With the end of the Napoleonic Wars, educated English people could again tour the continent. So it was that, in 1816, a free-loving band of English bohemian literary types, gathered near the shores of Lake Geneva. What followed was to become one of English literature's seminal moments.
It was a dark and stormy night when, on a literary dare, Mary Shelley first outlined the shape of her exemplar of the gothic genre, Frankenstein—The Modern Prometheus. Her enigmatic novel is laced with a dark, menacing sexual undertones, which readers are still decoding.
She was only eighteen and was travelling with the most famed literary circle of her day—the Romantic poets. She was accompanying, among others, her husband Percy Bysshe Shelley, and known bad-boy and sometime sodomite Lord Byron (bisexual had no meaning then!). As time would confirm, she more than held her own in such esteemed company.
And, within six years the core of her circle—Percy Bysshe Shelley, Lord Byron and John Keats (who was not at Lake Geneva)—were all dead; marooned for eternity on foreign shores.

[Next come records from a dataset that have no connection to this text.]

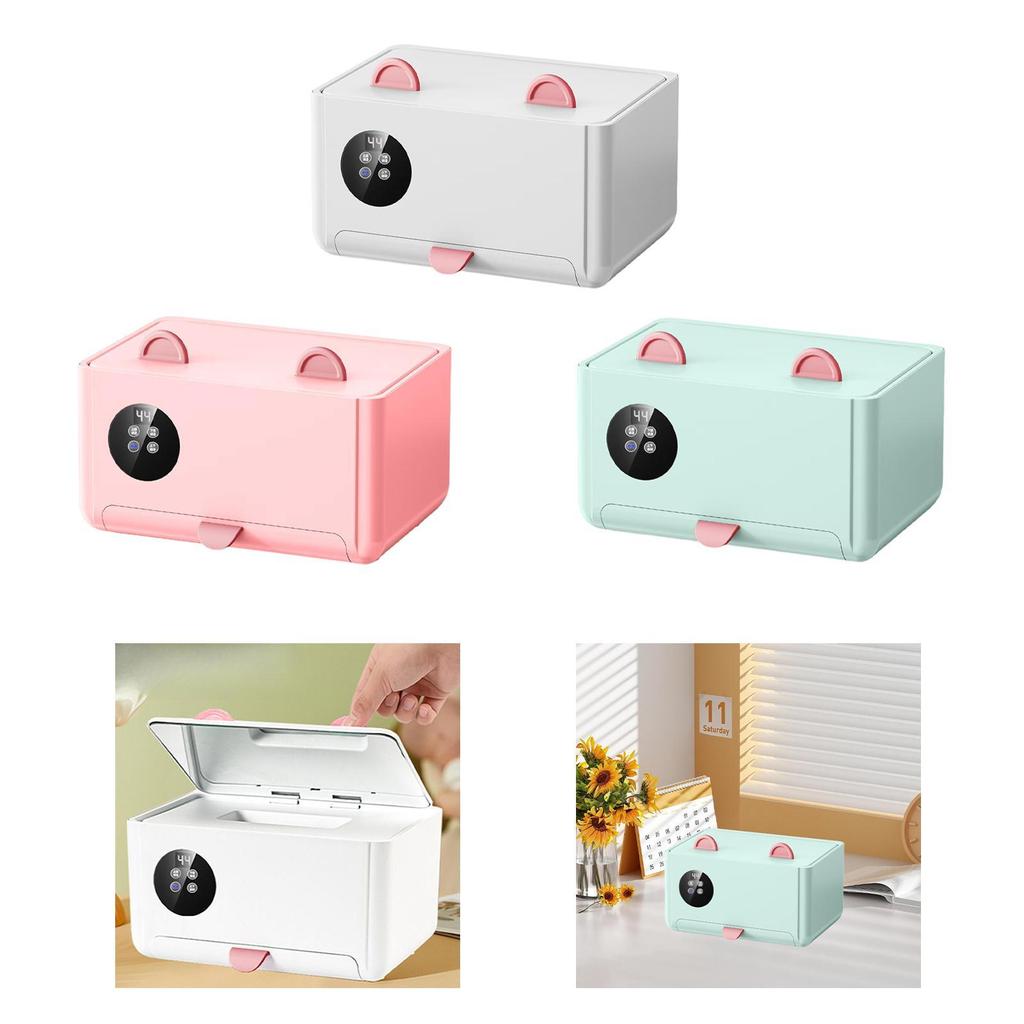 Wipe Warmers Portable Holder Wet Tissue Storage Case Wet Tissue Heater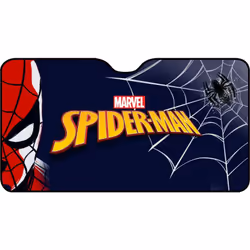 MARVEL Parasole anteriore parabrezza auto Spiderman 130x70cm uomo ragno cartoni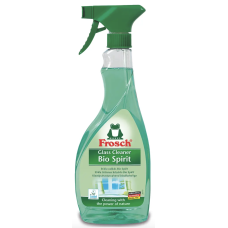 Засіб для миття скла Frosch Bio Spirit, 500 мл
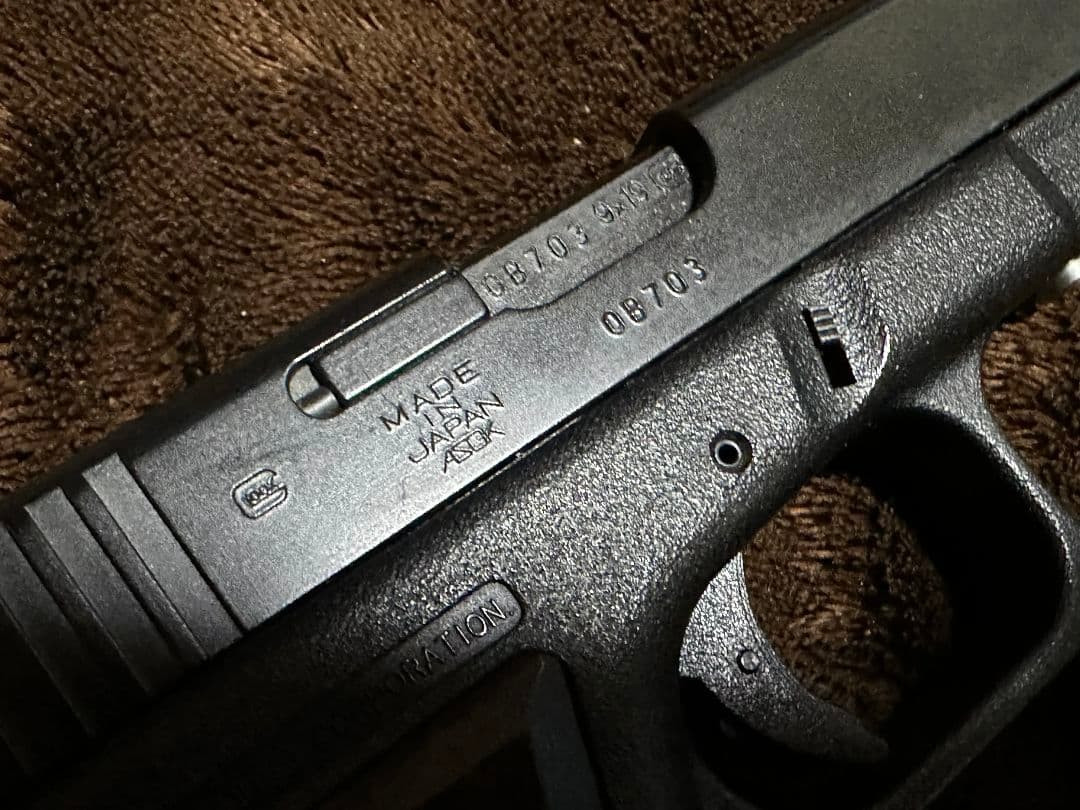 【実働】MGC GLOCK 18 グロック ガスガン ロングマガジン 箱付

Both Percy Bysshe Shelley and Keats died in Italy. Percy was 29 when he drowned off Livorno in Tuscany. John Keats was dead at the tender age of 25. Afflicted with consumption, he travelled to Rome, only to die in a house at bottom of the Spanish Steps. Byron died at 36 from blood poisoning while fighting the Greek War of Independence.
If the English weren't so phlegmatic, someone would have, by now, written an opera featuring the lot. The Italians make this stuff up to add drama to their librettos.
With their Italian connections, Percy and Keats are now memorialised in two places in Rome.
In the shade of an ancient pyramid, they now accompany each other in eternity, in the Protestant Cemetery.
There, they share their forevers with other nineteenth centuries travellers who, on arriving in Rome, also found themselves expired. Seems to have been the done thing at the time.
They are also memorialised in the house where Keats died, at the bottom of the Spanish Steps.
When Percy died, he was cremated on a beach. However, his heart wouldn't burn. Mary took it back to England, wrapped in the draft of one of his last poems. When she died, it was found at the back of her desk.
After their deaths, Mary continued a literary career, encountering the difficulties of her sex. But she persevered, until her death at 53.
As the Victorian period progressed, her literary heirs ought to clean up her "reputation"—as was the want of that "respectable" era. Mary, and her circle, in what they believed, and how they lived, were anything but.
Her literary and blood heirs succeeded in concealing many of her truly radical ideas and writings. And for a long time, the critics and academics tended to miss the radical political and sexual implications of her published works.
For much of the intervening years, Shelley was known for just one novel. It is only in the last 30 years that many of her other works have appeared again. In 1989, the first scholarly biography of Mary—without reference to Percy, or as his appendage—was published.
New versions and variations of her original idea, penned on that dark and stormy night, continue to fill the popular imagination.
Mary in what she believed, was 150 years ahead of her time. With the Romantic poets abandoned to Rome, maybe now is her time.